Dollars grow 2% in two weeks, says study

All about the Benjamins?

Speaking with The Reg, Shashi Seth, Yahoo!'s senior vice president of search and a former search product leader at Google, has argued that his former employer opted for the Instant method in an effort to generate more revenue. "Do I really need new search results for each character I key in?" he asked.

But Google is adamant that Instant is solely an effort to improve user experience. "Many of you guys speculated that we launched Instant to make more money. Well, let me tell you that's simply not the case," Google senior VP Jonathan Rosenberg told reporters and analysts during the company's latest earnings call. "We launched Instant because it's so much better for the user."
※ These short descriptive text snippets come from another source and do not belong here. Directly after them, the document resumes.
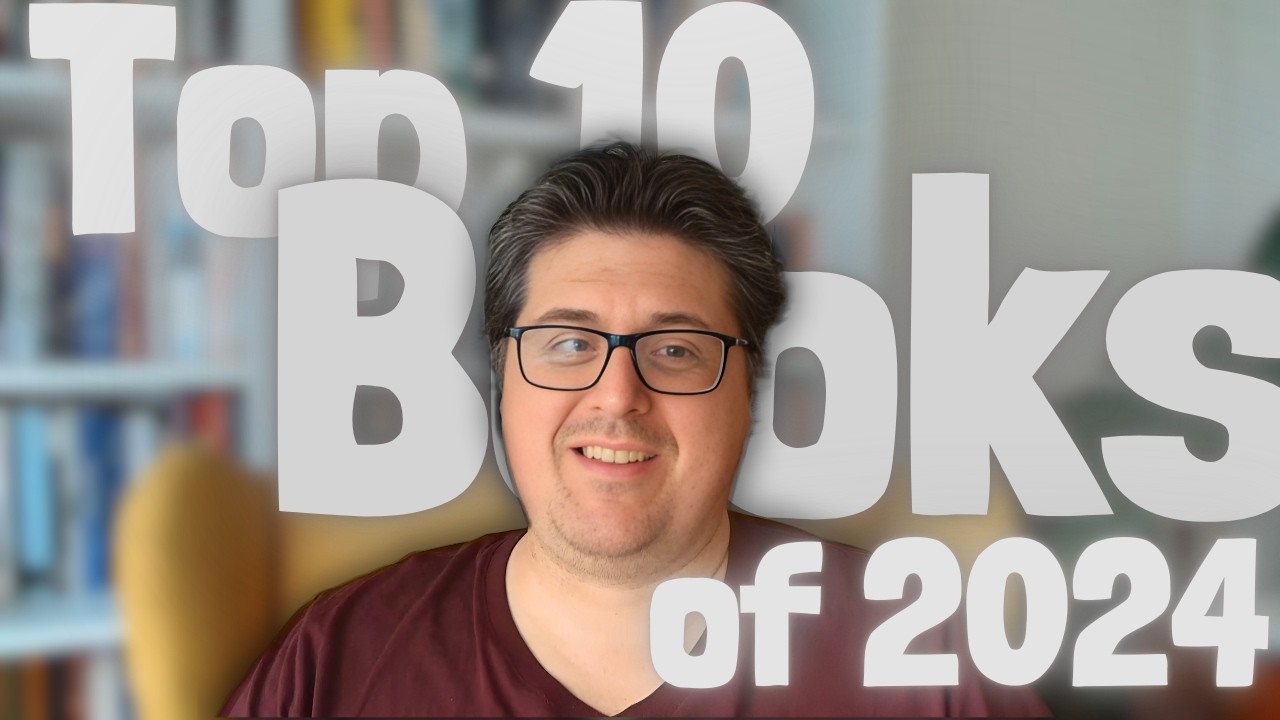 I read 232 Books, these are the 10 best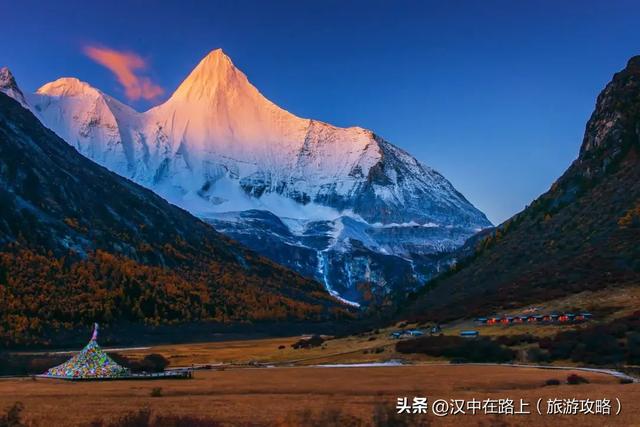 为什么西藏自驾都选汉中集合？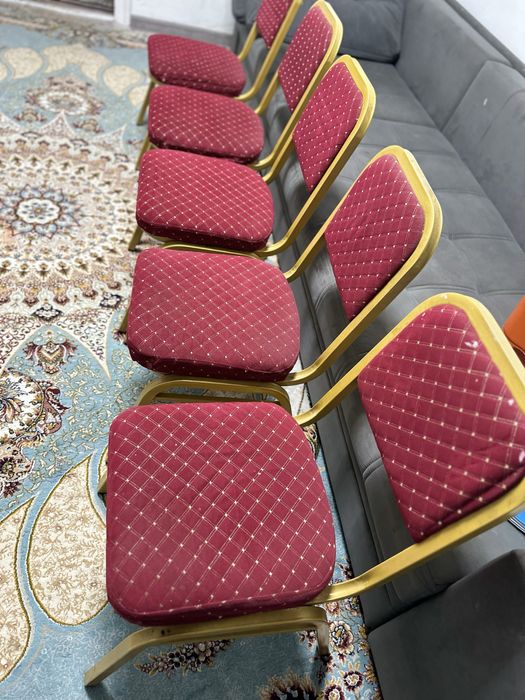 Орындықтар сатылады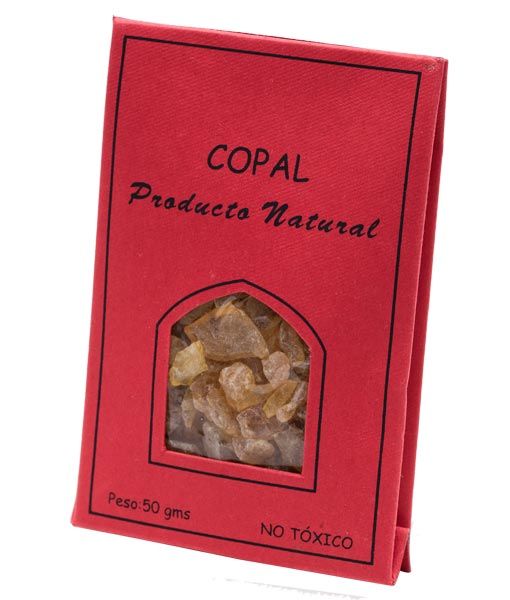 Copal Grain Incense 50 gr - AUROSHIKHA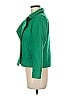 an original MILLY of New York 100% Wool Green Wool Blazer Size 8 - photo 4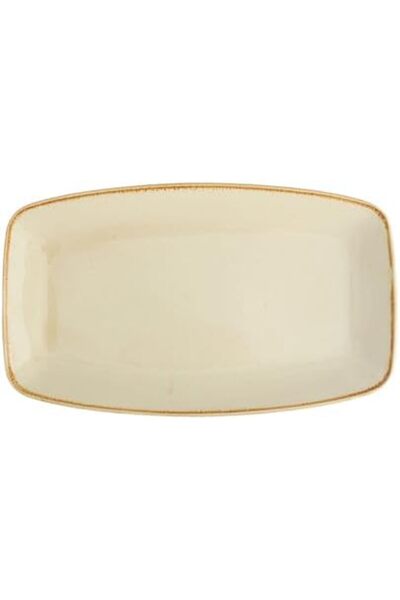 Yıldızan Nzr Beautestore Seasons Kayık Tabak, Porcelain 2026 1103473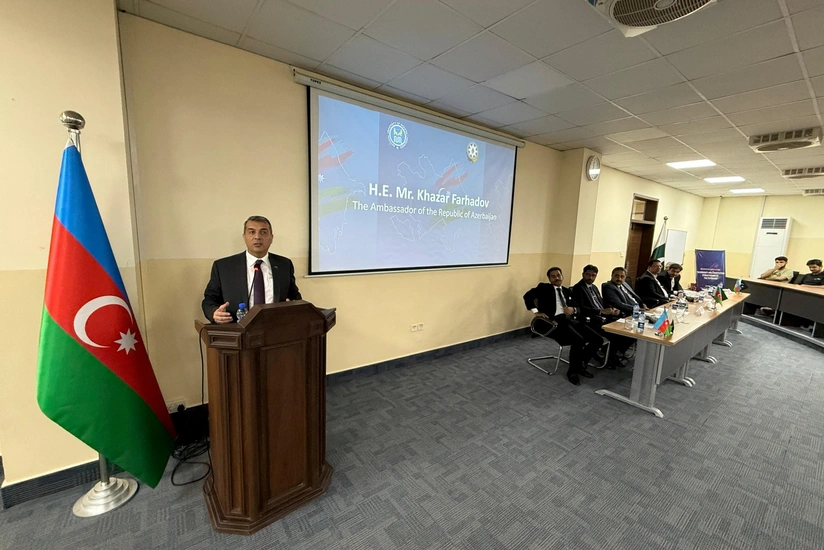 İslamabadda Azərbaycanın Dövlət Suverenliyi Gününə həsr olunan seminar keçirilib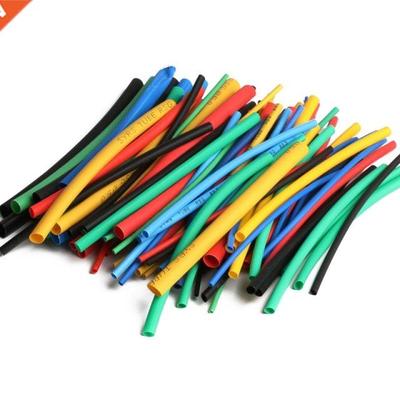 100 Pcs Heat Shrink Tube Kit Insulation Sleeving Electrical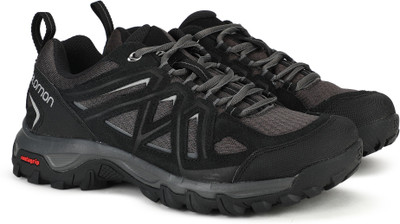 

Salomon Evasion Hiking and trekking For Men(Black, Grey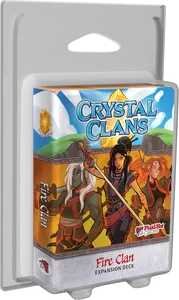 Crystal Clans: Fire Expansion (EN)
He went on to say that its impact on revenue has been "very minimal" and that "from a resource standpoint, it's actually pretty expensive" — meaning Google spends more serving up all those extra pages. It's likely true that there's an added cost, but it's unclear how high this actually is. Google has also said that it has introduced new technologies that reduce the strain the service might put on its back end. Servers now keep track of what data the browser already has and what data is already being gathered on some other server, the company says, and it has somehow improved its caching system.

Marin's Gagan Kanwar takes Google at face value. "A two per cent revenue increase isn't world-changing for a company that's growing revenues 20 per cent a year," he says. But that 2 per cent growth merely applies to the service's first two weeks in action. And Kanwar acknowledges that it could potentially increase revenues far more in the long run.

From Google's perspective, if you increase speed, you increase user happiness. "We believe from a user standpoint, Instant is outstanding and the data that we are seeing actually bears this out," Rosenberg continued. "We took something that no one thought was a problem and we created something that once you use it, you can't recall how you lived without it before. It saves about two to five seconds per search and users absolutely love it. The percentage of people who select Instant results before they finish their query is steadily rising. So in other words, that means the more they use it, the more they like it."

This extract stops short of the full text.